Second dates open up to more creative interpretation.   If the first date has gone well, (but not so well that you closed the deal), the second date should amp the attraction with a mix of venues and locations that help build a foundation of shared experiences.  You want to be in motion with her; give your bodies more room for expression and your senses more opportunities for stimulation.  With that in mind, here are my reviews of some common Date 2 locations in DC.

Lincoln Memorial at Night

Cheesy, trite, and very effective.  You don’t have to blow away your date with originality if the ambience is perfect as is.  And the Lincoln Memorial, on the steps at midnight under a summer moon, shrouded in the glow of the reflecting pool, sets an unbeatable mood for encouraging closeness.  After the early night drinks, surprise her with a car trip to the Lincoln.  There’s plenty of parking nearby late at night.

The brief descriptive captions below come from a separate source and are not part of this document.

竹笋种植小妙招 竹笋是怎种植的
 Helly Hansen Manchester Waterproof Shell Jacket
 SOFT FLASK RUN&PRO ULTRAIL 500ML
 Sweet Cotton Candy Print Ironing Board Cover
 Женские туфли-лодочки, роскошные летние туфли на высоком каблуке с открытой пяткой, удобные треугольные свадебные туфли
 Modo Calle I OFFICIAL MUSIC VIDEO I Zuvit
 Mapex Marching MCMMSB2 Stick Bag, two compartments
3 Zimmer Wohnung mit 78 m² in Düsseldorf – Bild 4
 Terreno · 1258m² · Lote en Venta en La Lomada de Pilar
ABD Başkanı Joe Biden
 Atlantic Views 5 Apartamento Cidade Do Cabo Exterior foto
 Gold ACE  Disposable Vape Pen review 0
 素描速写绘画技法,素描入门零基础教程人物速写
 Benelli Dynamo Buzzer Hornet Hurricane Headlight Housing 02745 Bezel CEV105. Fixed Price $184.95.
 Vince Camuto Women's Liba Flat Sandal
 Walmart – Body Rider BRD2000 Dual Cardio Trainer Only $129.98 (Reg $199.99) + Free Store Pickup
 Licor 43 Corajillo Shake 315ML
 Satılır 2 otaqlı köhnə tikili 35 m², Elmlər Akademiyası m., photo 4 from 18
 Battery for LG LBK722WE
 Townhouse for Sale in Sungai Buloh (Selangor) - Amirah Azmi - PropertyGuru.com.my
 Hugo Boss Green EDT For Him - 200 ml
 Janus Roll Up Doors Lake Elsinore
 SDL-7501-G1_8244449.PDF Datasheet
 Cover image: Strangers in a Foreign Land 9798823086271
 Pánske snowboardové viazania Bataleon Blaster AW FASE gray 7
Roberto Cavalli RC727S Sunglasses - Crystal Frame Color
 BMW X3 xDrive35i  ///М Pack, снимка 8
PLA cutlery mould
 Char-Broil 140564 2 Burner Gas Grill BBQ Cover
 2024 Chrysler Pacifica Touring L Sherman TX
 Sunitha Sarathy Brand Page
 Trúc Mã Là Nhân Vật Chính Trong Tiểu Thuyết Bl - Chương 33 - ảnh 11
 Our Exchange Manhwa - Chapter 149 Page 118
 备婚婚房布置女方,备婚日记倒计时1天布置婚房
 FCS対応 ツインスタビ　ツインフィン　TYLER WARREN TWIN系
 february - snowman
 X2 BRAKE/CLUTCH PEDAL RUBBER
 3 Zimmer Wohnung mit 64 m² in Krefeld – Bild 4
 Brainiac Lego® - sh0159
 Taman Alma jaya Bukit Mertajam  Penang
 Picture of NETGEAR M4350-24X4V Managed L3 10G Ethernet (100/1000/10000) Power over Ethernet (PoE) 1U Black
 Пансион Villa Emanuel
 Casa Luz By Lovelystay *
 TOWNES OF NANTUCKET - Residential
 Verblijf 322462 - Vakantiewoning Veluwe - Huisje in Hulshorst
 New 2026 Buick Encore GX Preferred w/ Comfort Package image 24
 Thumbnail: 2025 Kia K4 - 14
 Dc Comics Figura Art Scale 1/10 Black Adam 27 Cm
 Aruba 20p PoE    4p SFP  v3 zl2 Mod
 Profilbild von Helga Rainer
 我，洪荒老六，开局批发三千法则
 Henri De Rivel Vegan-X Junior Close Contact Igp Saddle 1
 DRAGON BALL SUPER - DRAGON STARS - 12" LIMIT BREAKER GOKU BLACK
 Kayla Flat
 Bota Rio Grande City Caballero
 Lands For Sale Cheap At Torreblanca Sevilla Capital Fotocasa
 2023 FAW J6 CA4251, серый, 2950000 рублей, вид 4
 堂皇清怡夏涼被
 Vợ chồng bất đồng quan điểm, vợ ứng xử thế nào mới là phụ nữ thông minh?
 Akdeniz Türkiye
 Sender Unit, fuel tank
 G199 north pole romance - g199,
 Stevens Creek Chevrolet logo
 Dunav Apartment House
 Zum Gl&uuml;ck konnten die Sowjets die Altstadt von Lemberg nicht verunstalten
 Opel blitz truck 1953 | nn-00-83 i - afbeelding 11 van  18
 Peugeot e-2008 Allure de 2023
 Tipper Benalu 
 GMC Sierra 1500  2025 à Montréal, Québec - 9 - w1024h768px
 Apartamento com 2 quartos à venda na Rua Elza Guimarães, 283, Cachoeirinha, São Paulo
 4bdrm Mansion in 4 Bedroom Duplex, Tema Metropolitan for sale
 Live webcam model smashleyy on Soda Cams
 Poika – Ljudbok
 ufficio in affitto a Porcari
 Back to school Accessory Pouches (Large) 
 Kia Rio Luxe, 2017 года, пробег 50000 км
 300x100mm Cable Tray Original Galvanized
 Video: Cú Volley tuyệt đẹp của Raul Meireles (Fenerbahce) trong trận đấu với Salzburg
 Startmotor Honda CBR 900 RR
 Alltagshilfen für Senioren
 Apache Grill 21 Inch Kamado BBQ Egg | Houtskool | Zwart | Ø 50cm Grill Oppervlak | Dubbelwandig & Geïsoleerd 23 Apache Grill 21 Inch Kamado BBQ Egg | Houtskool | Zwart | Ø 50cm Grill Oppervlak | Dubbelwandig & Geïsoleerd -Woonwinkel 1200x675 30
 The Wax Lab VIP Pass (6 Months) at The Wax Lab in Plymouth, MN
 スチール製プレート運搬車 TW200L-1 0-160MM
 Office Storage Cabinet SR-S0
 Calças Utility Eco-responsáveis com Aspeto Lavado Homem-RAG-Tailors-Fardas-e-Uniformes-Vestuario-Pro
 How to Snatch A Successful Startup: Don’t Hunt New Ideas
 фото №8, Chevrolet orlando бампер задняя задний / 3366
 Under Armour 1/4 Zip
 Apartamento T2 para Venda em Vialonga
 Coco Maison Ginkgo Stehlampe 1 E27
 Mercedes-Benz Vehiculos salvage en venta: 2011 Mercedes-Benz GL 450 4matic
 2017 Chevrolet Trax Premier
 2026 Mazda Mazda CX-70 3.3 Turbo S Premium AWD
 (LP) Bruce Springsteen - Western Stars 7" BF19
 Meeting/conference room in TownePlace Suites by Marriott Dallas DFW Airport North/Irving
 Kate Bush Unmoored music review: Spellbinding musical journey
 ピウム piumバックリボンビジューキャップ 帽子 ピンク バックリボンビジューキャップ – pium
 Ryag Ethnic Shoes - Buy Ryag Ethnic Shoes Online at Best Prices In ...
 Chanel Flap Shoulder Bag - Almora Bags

Sculpture Garden Ice Skating

Unless your date can do triple sow cows and the Blades of Glory “crotch scissors”, skating with her means you’ll have plenty of chances to demonstrate your male protector role by holding her when she stumbles or letting her grab onto your arm for support as she struggles to find her balance.  The crowd will always work in your favor; whether the rink is filled with canoodling couples that enhance the romantic mood or kids skating recklessly around you that provide an energetic boost and lots of humorous material, you can’t go wrong here.  In the summer, there is an outdoor jazz festival at the sculpture garden.  Drinks at the patio bar are overpriced.

Billiards or Darts

Playing pool with her means lots of good-natured teasing.  Plus, most girls are not good at pool and will need you to show them how to properly hold the stick and shoot.  You can only do this from behind.  That is intimate body contact on the sly.  The best places are small basement-level pool halls that double as dive bars.  Bedrock Billiards and Kokopoolis come to mind.  Stay away from auditorium sized pool halls, as they are too impersonal.  Also, don’t bother with tiny bars that have only one pool table — what usually winds up happening is that other guys wait around to play next and you and your date get jostled all night by drunks trying to navigate the tight spaces between the table and the walls.  Cautionary note:  If your date is a shark (there seem to be an inordinate amount of DC girls who know how to shoot stick) then be sure not to let the ego-bruising show.  Just tell her you let her win this time.

The Pleasure Palace

If your date is one of those freaky chicks you picked up at DC9, take her to this sex toy shop on Conn Ave in Dupont.  Pretend to be walking down the street to a different location when you two just happened upon this dirty little place and oh, wow, wouldn’t it be cool to see what kinds of creepy things they sell in here!  Once inside, act like you never saw this stuff before.  [Examining glow in the dark clit tickler]  “What the heck is this?  Do you stir pasta with it??”  Don’t loiter, it’ll start to seem skeevy.  If she was really into it, take her across the street to the gay Lambda bookstore next to Kramerbooks for a good laugh.  While browsing the educational material, ask her, “Do lesbians really do this?”  This will smoke her out as a possible bisexual.  Tailor your game accordingly.